Click here or more information on food security vs. food sovereignty.
Barbara Fabre is an enrolled member of the White Earth Ojibwe Reservation, MN and has worked for over 30 years at the tribal, state, national and federal levels through committees, advocacy, workgroups, and contracts to support and advocate for tribal and early childhood issues that promote healthy child development for all children. Ms. Fabre’s experience in program development, creating early childhood systems, and promoting collaborations with tribal communities has helped bring new opportunities for Indian Country. Ms. Fabre is founder and CEO of Indigenous Visioning and President of All Nations Rise. She holds a bachelor’s degree in psychology and has received numerous awards for her dedicated work on behalf of children and families.
Trisha Moquino is the co-founder of Keres Children’s Learning Center, located in Cochiti Pueblo, a non-profit Keres Language Immersion Montessori school that houses a Keres immersion early childhood classroom and a dual-language (Keres/English) Elementary classroom using Montessori pedagogy. The vision for a school supporting Keres language/cultural learning and academic development came largely from Trisha’s Master’s thesis (2001). The inspiration for acting on the vision was her love for her daughters, her family, her tribes, and her ancestors. For the last four years, Moquino has been working with KCLC colleagues to build the Indigenous Montessori Institute, a teacher training program that uses a philosophy of Indigenous education and the Montessori philosophy, rooted in an anti-racism/anti-bias approach to teacher education reform.
Trisha holds a BA from Stanford University in American Studies and an MA from the University of New Mexico in Bilingual and Elementary Education. Her Montessori Teaching credentials include: AMS (Elementary I), UMA (Early Childhood), AMI (Case de Bambini 2.5 years-6 years). One of the blessings she is grateful for is being able to work with children from her tribe in their Indigenous language of Keres every day.
A-dae Romero-Briones (Kiowa/Cochiti) was born and raised in Cochiti Pueblo, New Mexico and comes from the Toyekoyah/Komalty Family from Hog Creek, Oklahoma on the Kiowa side. Mrs. Romero-Briones is Director of Programs-Native food and Agricultural Program for First Nations Development Institute and Co-founder/Director of the California Tribal Fund. She is the former Director of Community Development for Pulama Lana’I and the Co-founder and former Executive Director of a non-profit for Cochiti Pueblo, New Mexico. Mrs. Romero-Briones worked for the University of Arkansas’ Indigenous Food and Agricultural Initiative while she was getting her LLM in Food and Agricultural Law. She wrote extensively about food safety and the protection of traditional tribal foods.
A US Fulbright Scholar, Ms. Romero-Briones received her Bachelor of Arts in Public Policy from Princeton University, a Juris Doctorate from Arizona State University’s College of Law, and an LLM in Food and Agricultural Law from the University of Arkansas.

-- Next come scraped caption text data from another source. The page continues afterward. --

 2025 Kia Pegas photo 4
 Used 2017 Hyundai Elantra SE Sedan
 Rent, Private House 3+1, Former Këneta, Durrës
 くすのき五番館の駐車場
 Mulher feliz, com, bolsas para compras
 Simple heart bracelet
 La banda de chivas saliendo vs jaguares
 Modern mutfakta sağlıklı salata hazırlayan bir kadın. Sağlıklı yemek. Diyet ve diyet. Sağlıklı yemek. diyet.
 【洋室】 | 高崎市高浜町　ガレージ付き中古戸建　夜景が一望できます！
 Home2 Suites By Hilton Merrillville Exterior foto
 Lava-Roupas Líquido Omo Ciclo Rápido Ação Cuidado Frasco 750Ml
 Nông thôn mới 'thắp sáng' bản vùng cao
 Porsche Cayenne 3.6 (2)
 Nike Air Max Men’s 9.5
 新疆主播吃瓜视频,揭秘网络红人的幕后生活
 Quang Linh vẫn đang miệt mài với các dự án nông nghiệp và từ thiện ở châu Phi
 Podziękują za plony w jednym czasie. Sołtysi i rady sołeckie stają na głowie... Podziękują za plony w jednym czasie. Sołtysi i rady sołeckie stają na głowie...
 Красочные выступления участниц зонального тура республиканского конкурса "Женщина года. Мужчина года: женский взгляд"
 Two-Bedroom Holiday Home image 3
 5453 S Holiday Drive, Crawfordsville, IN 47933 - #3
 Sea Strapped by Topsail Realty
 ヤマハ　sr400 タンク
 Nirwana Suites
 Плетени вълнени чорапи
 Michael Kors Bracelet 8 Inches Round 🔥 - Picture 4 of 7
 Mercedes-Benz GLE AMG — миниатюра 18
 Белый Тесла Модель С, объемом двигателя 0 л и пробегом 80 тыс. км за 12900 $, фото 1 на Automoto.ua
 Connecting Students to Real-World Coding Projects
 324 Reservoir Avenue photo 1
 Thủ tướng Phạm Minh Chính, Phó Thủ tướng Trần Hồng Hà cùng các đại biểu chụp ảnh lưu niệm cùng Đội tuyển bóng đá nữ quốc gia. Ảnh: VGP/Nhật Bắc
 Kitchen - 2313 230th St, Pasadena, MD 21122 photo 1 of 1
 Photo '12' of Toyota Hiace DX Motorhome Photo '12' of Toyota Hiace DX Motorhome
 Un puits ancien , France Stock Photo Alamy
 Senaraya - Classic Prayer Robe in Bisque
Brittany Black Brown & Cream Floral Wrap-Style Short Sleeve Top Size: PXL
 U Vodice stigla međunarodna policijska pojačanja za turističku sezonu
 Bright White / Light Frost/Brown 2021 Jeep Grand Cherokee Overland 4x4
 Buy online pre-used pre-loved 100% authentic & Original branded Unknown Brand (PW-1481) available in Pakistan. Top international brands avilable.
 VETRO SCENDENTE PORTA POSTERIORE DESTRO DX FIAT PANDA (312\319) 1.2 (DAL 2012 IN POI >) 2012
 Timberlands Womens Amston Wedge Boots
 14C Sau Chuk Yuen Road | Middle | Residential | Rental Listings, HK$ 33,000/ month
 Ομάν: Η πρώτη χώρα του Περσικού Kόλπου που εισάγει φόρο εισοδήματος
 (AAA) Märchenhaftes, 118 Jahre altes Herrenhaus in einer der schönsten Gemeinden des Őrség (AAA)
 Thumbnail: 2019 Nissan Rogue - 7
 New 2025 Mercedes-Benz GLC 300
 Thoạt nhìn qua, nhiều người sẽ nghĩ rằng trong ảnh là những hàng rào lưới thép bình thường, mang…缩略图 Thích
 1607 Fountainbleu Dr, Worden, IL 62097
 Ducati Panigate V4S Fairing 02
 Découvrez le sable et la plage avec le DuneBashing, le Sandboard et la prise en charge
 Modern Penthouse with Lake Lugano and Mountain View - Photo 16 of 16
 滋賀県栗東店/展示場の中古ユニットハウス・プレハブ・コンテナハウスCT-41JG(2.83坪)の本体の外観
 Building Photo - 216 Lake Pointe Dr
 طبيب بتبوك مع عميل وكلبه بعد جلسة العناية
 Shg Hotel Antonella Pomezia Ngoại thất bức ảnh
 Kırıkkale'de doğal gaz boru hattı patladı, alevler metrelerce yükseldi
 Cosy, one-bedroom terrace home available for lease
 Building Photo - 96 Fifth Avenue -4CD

President Obama recognized Ms. Romero-Briones as a White House Champion of Change in Agriculture.
Gale Spotted Tail has been the Child Care Director for the Rosebud Sioux Tribe Child Care Services Program since 1991, and of the Lakota Language Preservation Project since 2014. She has managed three daycare centers, 117 child care provider homes, Lakota song and dance projects, Lakota language revitalization projects, and Lakota cultural programming, and served as chairperson of the National Indian Child Care Association Cultural Committee. She was a Global Leader for the 2016-18 cohort of the Young Children program at the World Forum Foundation.
Gale has a BA degree in Lakota History and Culture from the Sinte Gleska University and in Park and Recreation Management from the University of Nebraska-Lincoln. She participates in Lakota ceremonial events and has had many Lakota mentors during her life’s journey.